__EXERCISE DIRECTIONS__.
Your answer must be a word-for-word copy of the listing, with all pictures excluded.
DATA SEGMENT START
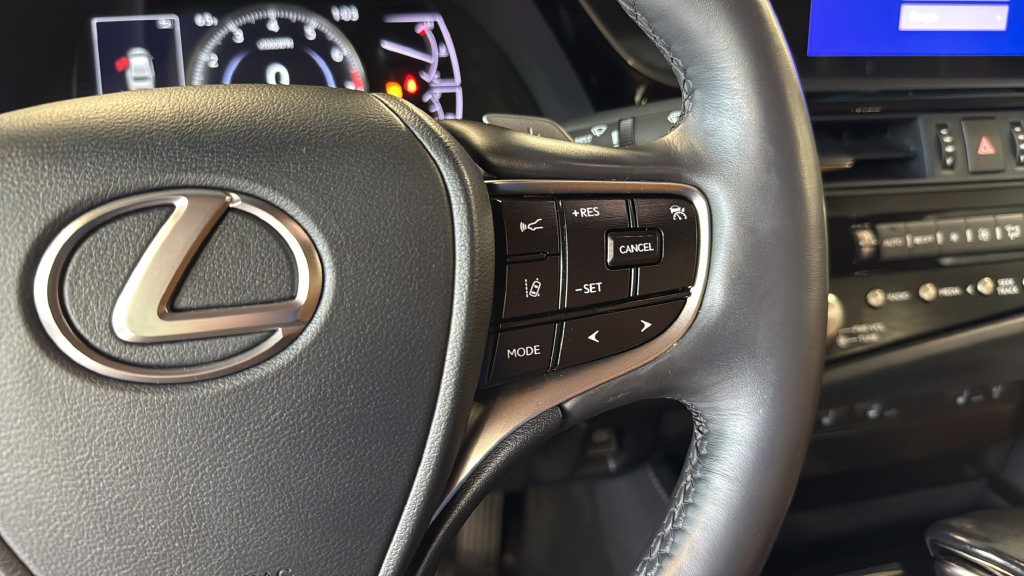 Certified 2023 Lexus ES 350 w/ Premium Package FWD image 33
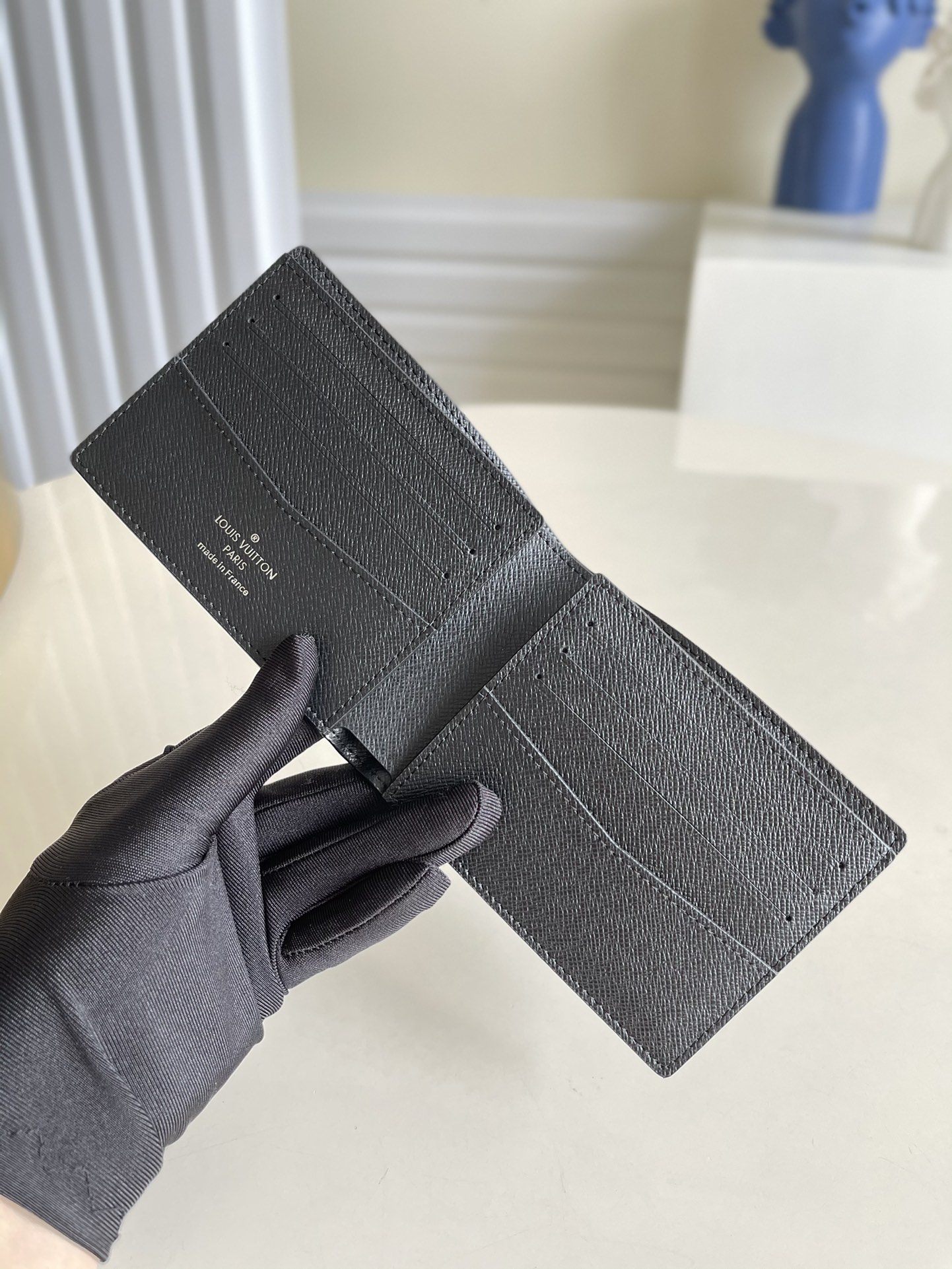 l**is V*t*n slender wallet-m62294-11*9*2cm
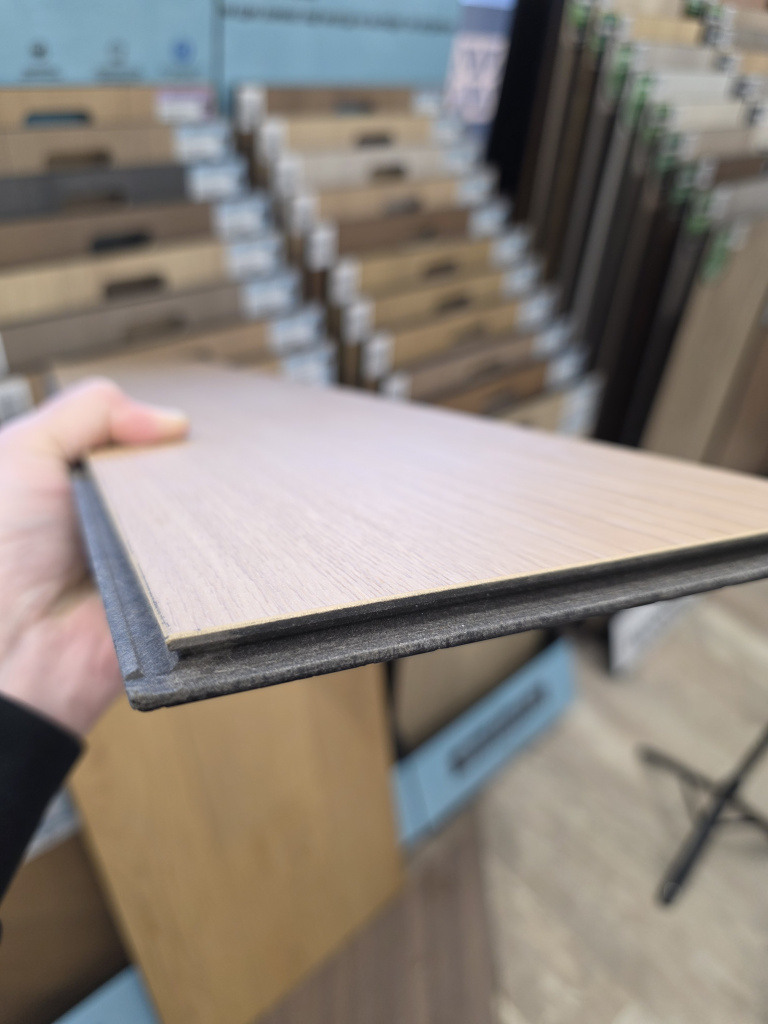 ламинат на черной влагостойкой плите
DATA SEGMENT END
__EXERCISE ANSWER__.
 Certified 2023 Lexus ES 350 w/ Premium Package FWD image 33
 l**is V*t*n slender wallet-m62294-11*9*2cm
 ламинат на черной влагостойкой плите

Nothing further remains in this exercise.